You are viewing a plain text version of this content. The canonical link for it is here.
Posted to commits@mesos.apache.org by ya...@apache.org on 2016/10/27 21:16:33 UTC

mesos git commit: Avoided CHECK failure with pre-1.0 agents.

Repository: mesos
Updated Branches:
  refs/heads/master f65fee495 -> 713922fcc


Avoided CHECK failure with pre-1.0 agents.

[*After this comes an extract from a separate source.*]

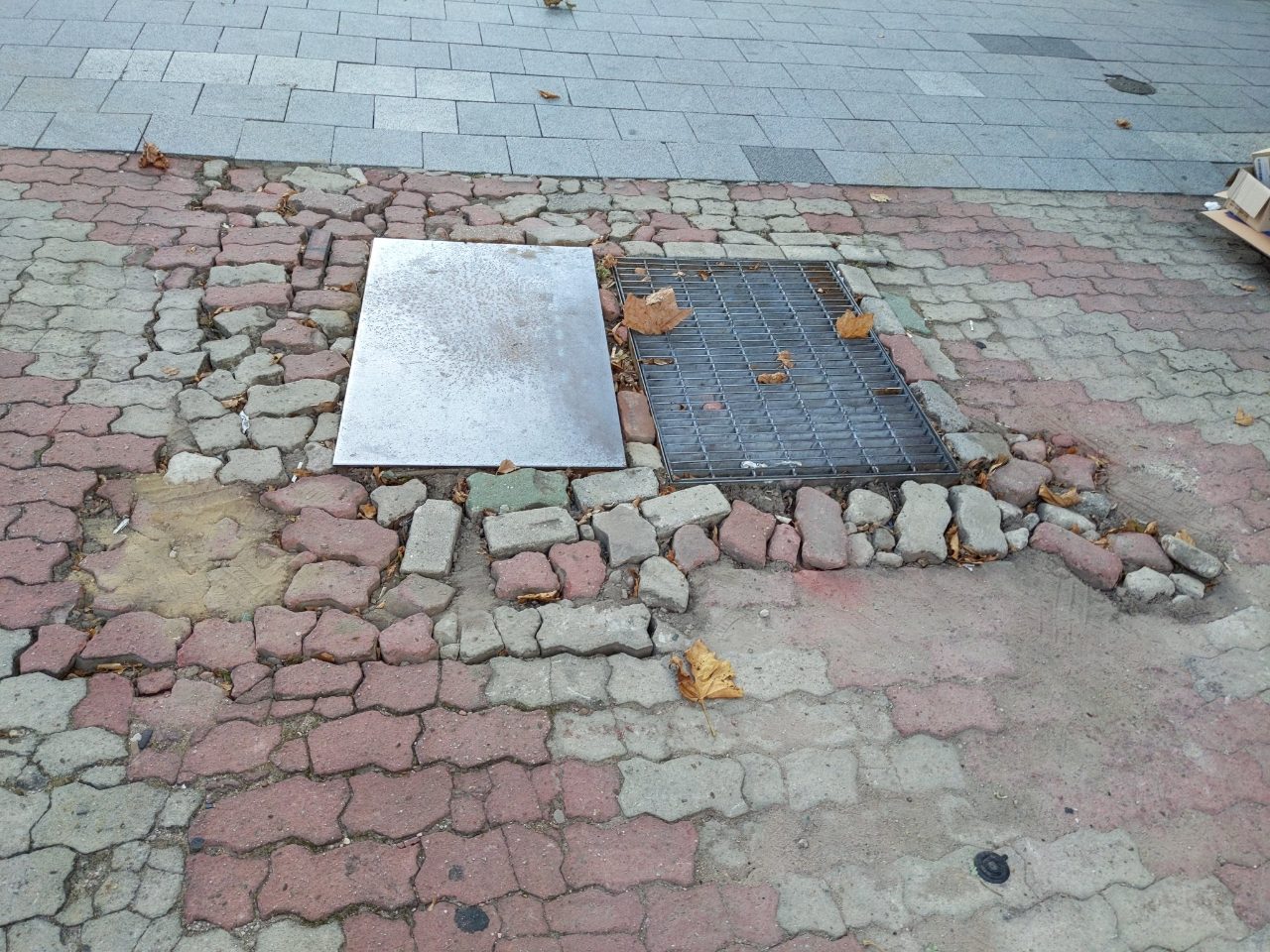 도로 구조물 파손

We don't guarantee compatibility with pre-1.0 agents. However, since it
is easy to avoid a CHECK failure in the master when an old agent
re-registers, it seems worth doing so.

Review: https://reviews.apache.org/r/53202/


Project: http://git-wip-us.apache.org/repos/asf/mesos/repo
Commit: http://git-wip-us.apache.org/repos/asf/mesos/commit/713922fc
Tree: http://git-wip-us.apache.org/repos/asf/mesos/tree/713922fc
Diff: http://git-wip-us.apache.org/repos/asf/mesos/diff/713922fc

Branch: refs/heads/master
Commit: 713922fcc00c944adb464d9bd78a37db58f9f8a8
Parents: f65fee4
Author: Neil Conway <ne...@gmail.com>
Authored: Thu Oct 27 14:16:01 2016 -0700
Committer: Jiang Yan Xu <xu...@apple.com>
Committed: Thu Oct 27 14:16:01 2016 -0700

----------------------------------------------------------------------
 src/master/master.cpp | 23 +++++++++++++++++------
 1 file changed, 17 insertions(+), 6 deletions(-)
----------------------------------------------------------------------


http://git-wip-us.apache.org/repos/asf/mesos/blob/713922fc/src/master/master.cpp
----------------------------------------------------------------------
diff --git a/src/master/master.cpp b/src/master/master.cpp
index 8692726..013bb59 100644
--- a/src/master/master.cpp
+++ b/src/master/master.cpp
@@ -6039,18 +6039,29 @@ void Master::_markUnreachable(
     // its FrameworkInfo will be in the `recovered` collection. Note that
     // if the master knows about a task, its FrameworkInfo must appear in
     // either the `registered` or `recovered` collections.
-    FrameworkInfo frameworkInfo;
+    //
+    // NOTE: If the framework is only running tasks on pre-1.0 agents
+    // and the framework hasn't yet re-registered, its FrameworkInfo
+    // will not appear in `recovered`. We can't accurately determine
+    // whether the framework is partition-aware; we assume it is NOT
+    // partition-aware, since using TASK_LOST ensures compatibility
+    // with the previous (and default) Mesos behavior.
+    Option<FrameworkInfo> frameworkInfo;
 
-    if (framework == nullptr) {
-      CHECK(frameworks.recovered.contains(frameworkId));
+    if (framework != nullptr) {
+      frameworkInfo = framework->info;
+    } else if (frameworks.recovered.contains(frameworkId)) {
       frameworkInfo = frameworks.recovered[frameworkId];
     } else {
-      frameworkInfo = framework->info;
+      LOG(WARNING) << "Unable to determine if framework " << frameworkId
+                   << " is partition-aware, because the cluster contains"
+                   << " agents running an old version of Mesos; upgrading"
+                   << " the agents to Mesos 1.0 or later is recommended";
     }
 
     TaskState newTaskState = TASK_UNREACHABLE;
-    if (!protobuf::frameworkHasCapability(
-            frameworkInfo, FrameworkInfo::Capability::PARTITION_AWARE)) {
+    if (frameworkInfo.isNone() || !protobuf::frameworkHasCapability(
+            frameworkInfo.get(), FrameworkInfo::Capability::PARTITION_AWARE)) {
       newTaskState = TASK_LOST;
     }